Among the entries below, how many lines contain the string "couple"? Reply with that number alone.
Material for this task Block Start
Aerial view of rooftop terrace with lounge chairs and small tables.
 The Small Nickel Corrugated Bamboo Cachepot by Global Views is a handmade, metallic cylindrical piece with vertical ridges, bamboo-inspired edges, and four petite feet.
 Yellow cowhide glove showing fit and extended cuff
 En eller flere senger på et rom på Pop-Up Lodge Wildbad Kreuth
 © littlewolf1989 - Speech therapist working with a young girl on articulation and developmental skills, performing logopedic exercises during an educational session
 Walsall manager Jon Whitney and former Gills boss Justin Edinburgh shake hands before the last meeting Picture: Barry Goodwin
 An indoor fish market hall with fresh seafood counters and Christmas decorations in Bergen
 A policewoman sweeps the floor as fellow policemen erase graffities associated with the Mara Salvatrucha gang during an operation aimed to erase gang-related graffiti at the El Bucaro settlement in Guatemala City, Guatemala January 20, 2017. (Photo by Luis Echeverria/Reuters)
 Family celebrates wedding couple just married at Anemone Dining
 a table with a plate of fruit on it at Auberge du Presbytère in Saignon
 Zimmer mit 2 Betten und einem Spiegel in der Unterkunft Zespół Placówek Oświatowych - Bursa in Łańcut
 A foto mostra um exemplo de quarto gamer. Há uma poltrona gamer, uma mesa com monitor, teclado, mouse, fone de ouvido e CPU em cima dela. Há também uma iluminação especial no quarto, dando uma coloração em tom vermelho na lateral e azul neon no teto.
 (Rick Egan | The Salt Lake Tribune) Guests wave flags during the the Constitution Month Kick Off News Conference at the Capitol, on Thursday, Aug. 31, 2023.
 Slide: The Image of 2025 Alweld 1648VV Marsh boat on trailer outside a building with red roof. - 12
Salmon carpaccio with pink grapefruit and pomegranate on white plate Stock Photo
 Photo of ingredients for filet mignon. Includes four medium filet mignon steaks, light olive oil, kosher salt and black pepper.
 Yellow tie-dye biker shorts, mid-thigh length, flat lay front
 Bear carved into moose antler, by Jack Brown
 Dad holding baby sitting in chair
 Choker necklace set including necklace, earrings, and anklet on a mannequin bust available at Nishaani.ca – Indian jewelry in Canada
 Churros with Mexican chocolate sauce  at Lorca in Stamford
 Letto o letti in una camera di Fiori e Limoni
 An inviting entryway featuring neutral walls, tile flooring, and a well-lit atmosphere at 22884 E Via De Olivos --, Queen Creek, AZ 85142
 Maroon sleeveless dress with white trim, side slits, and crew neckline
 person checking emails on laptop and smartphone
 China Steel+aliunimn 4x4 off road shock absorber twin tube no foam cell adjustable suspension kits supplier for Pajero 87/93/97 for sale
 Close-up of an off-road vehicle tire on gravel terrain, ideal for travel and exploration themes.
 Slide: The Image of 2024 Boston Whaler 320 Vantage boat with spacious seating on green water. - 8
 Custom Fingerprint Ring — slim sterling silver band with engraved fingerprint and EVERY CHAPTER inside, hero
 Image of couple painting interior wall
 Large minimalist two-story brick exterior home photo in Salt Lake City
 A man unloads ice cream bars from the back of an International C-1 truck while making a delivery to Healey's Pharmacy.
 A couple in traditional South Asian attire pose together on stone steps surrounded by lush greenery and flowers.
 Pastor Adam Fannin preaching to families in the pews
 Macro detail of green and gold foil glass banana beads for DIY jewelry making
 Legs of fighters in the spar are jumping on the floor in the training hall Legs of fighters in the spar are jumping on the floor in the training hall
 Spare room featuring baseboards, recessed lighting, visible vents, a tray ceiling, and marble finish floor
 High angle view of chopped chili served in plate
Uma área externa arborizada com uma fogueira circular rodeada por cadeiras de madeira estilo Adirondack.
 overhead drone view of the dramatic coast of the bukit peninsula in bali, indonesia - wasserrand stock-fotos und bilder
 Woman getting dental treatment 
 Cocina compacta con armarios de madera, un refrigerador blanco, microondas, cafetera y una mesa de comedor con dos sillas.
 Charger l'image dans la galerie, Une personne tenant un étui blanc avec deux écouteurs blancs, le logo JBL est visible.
Material for this task Block End
### Task result
3